In short, it’s been an amazing week and I could not be more grateful.
So I was floored when I took my gorgeous, 9-on-the-Apgar (bragging about test scores already! Go Tiger Mom!) baby home, fed her, said good night to our baby nurse, went to sleep, and started having a series of insane, off-the-chart nightmares that made me think that maybe I would be better off awake.
Nightmare One: I fall asleep quickly. I wake up because it is time to nurse the baby. In the soft light of my bedroom, I watch her and marvel at her tiny fingers, her quick breaths. I then fall asleep. I wake up in a panic, realizing I have fallen asleep with the baby at my breast, but she’s no longer there. I throw pillows on the floor, my breath getting quicker and quicker as I plunge into the duvet with my hands, hoping against hope that I find her alive.
Then I wake up.
Nice, right? That’s a winner in the Baby Anxiety Nightmare Hall of Fame. It’s a classic. I actually remember having had it with the other two kids. I mean, look, I get it – what makes it so terrifying is the idea that even when you are trying to take care of your child, you could unwittingly, sleepily screw up with horrible, unspeakable results. Let’s give it a 10 for realism, a 10 for heart-quickening drama and a 3 for likelihood of it actually happening.
Nightmare Two: I am in the house. I know my baby is somewhere in the house, but I don’t know where. I listen for her, but only hear the thumping of my heart in my throat as I search and search, more and more frantically. Then I wake up.
Another classic self-flagellator of a dream. Highly realistic and dramatic, very unlikely to actually occur.
Nightmare Three: I have had my daughter, but not with my husband. No, I have somehow vaulted back in time to my marriage with my ex-husband, and he seems to think that I am his wife and this is his baby. I protest along the lines of the Talking Heads (“This is not my beautiful house! I am not your beautiful wife!”) but to no avail. We live in the house in which I live with my actual husband, my baby’s actual father, but he is nowhere to be found. Instead, the toilets are overflowing, my older children are behaving like animals and playing catch with the baby (as in baby = ball), and I am crying in a corner. That last part feels oddly familiar, actually.

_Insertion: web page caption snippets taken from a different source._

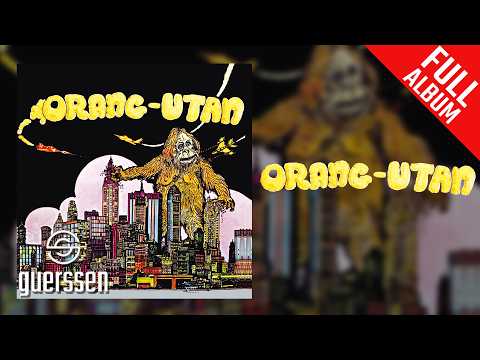Thumbnail for ORANG-UTAN – Orang-Utan (1971) | Heavy Psychedelic Hard Rock [Full Album] by Leaf Hound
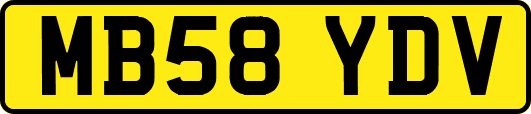 MB58YDV
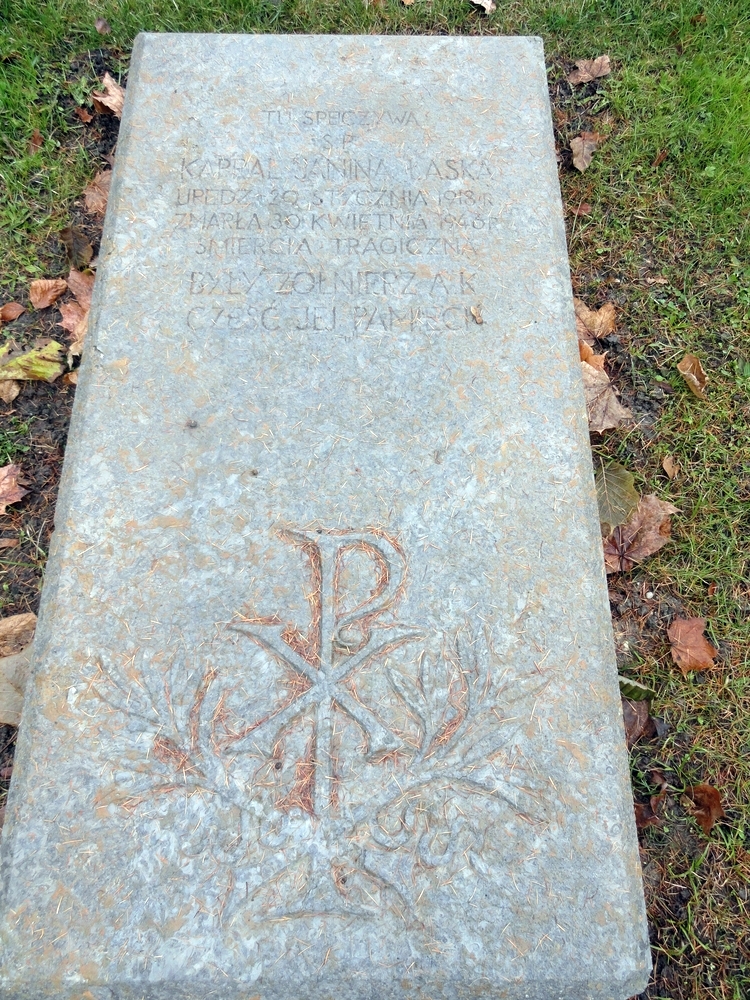 Photo montrant Dachau Concentration Camp Cemetery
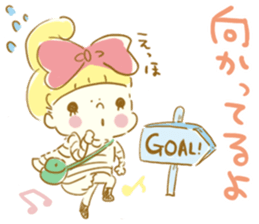 Shinamon.2 by peco sticker #5941646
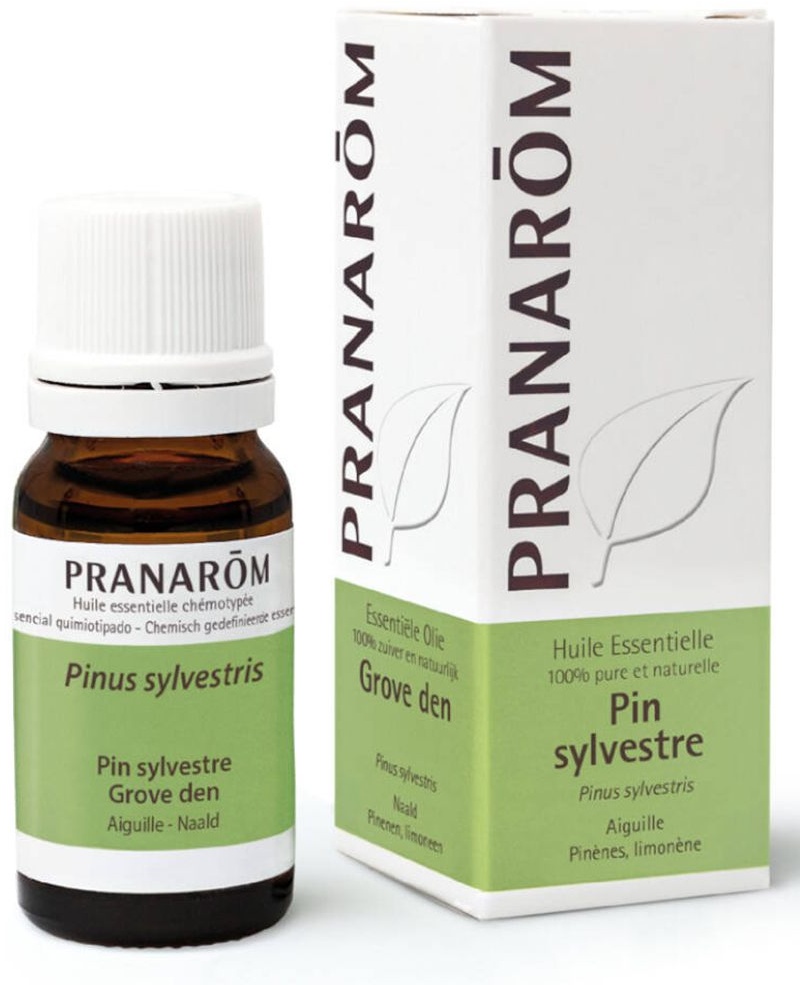 Pranarôm Pin Sylvestre Huile essentielle 10 ml huile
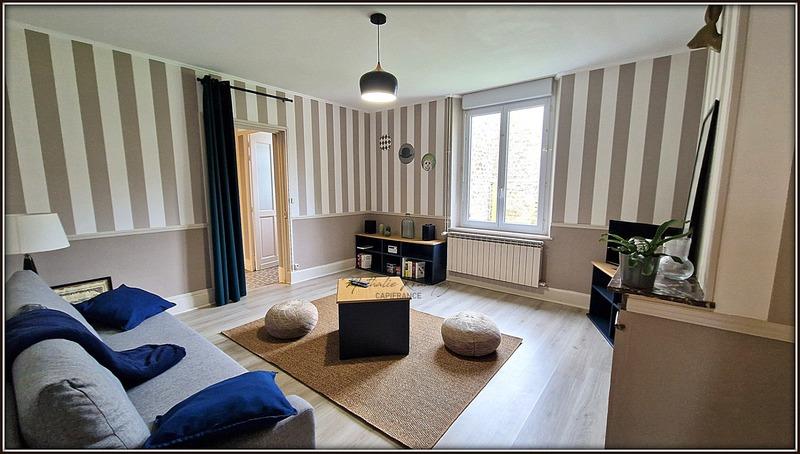 Maison - 112 m² - 4 pièces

That one, if not the scariest, is at least the least likely to actually occur.
In between these cinematic nightmare scenarios, by the way, I’m waking up to feed the baby. Which I totally wouldn’t mind, were it not for the fact that I spend the feeding time staring at her, Clockwork-Orange-style, telling myself I’m not going to blink, lest she gets lost in the blankets/the house/my old marriage.
So all this sort of explains why the next night, I opt to panic rather than sleep.
But only sort of, at the end of the day. As I roam the house post driveway-pacing, consumed by anxiety that causes epic-level knots in my neck that make it difficult to turn my head to the left (who needs the left, anyway?), I find the membership renewal forms for our synagogue. I make the mental note that I have to order High Holiday tickets. I think of last year at Rosh Hashana services, when I saw people with new babies and wondered when and if I would be one of them.
And I think about the Unetaneh Tokef, a prayer said on Rosh Hashana which never fails to move me to tears. “Let us tell how utterly holy this day is,” the prayer says. And all my anxiety, I realize, stems from the fear of losing something that is the most transcendentally holy and amazing thing a person can ever have in life. And it makes sense.
But I can, if I try, let my anxiety go. After all, what is anxiety but a passing cloud, or a dream that vanishes?